今回も、前回と同様に、登録商標の使用における社会通念上同一の商標について、いくつかの審決例を挙げてみることにします。前回は、書体の変更についてご説明致しましたが、今回は、文字の種類を変更した場合についてご説明致します。これに関しまして、商標法第50条においては、平仮名、片仮名及びローマ字の文字の表示を相互に変更するものであって同一の称呼及び観念を生ずる商標は登録商標と同一であるとしています。




1. 取消2001-30335(登録第2540650号の登録取消審判事件)

(1)本件登録商標

「エンゼルクラブ」の片仮名文字を横書きしてなり、第25類「紙類、文房具類」を指定商品とするものである。

(2)商標権者は、「ANGEL CLUB」の文字よりなる商標を、グリーティングカード、ミニカード、ブックマーカーに付して使用していた。

*(2)商標権者の使用商標は下記の通りである。

(3)審判おける判断

商標法第50条第1項括弧書きにおいては、「・・・片仮名及びローマ字の文字の表示を相互に変更するものであって同一の称呼及び観念を生ずる商標・・・その他の当該登録商標と社会通念上同一と認められる商標」を使用していることを、被請求人が証明しなければならない旨規定している。

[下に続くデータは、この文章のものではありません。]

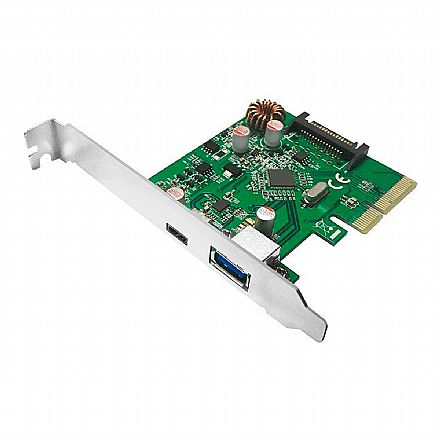 Placa PCI Express com 2 Portas USB-C 3.1 - (USB Tipo C e USB 3.1 Tipo A) - Low Profile - Comtac 9327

本件についてみると、本件商標は「エンゼルクラブ」の片仮名文字を横書きしてなるところ、使用商標は「ANGEL CLUB」のローマ字よりなるものであり、本件商標と使用商標は、「エンゼルクラブ」の称呼、「天使のクラブ、天使の同好会」の観念において同一であり、社会通念上同一の商標と認められる。

請求人は、「本件商標の使用の形態は、円形内に「C」の文字表示とこれに続けて「ANGEL CLUB・JAPAN」の文字と「Printed by Fuji Planning Co. ltd Phone 06−304−6201」の文字とが並記されてなるところ、このような表示に接した取引者、需要者は「ANGEL CLUB」の文字をもって商標表示と認識、理解せず、円形内に「C」の文字マークの存在により、このカードやブックマーカーに使用されているデザインがそのカード等販売者の著作権を示すものと理解し、商標使用の事実を示す証拠としては不適である」旨主張する。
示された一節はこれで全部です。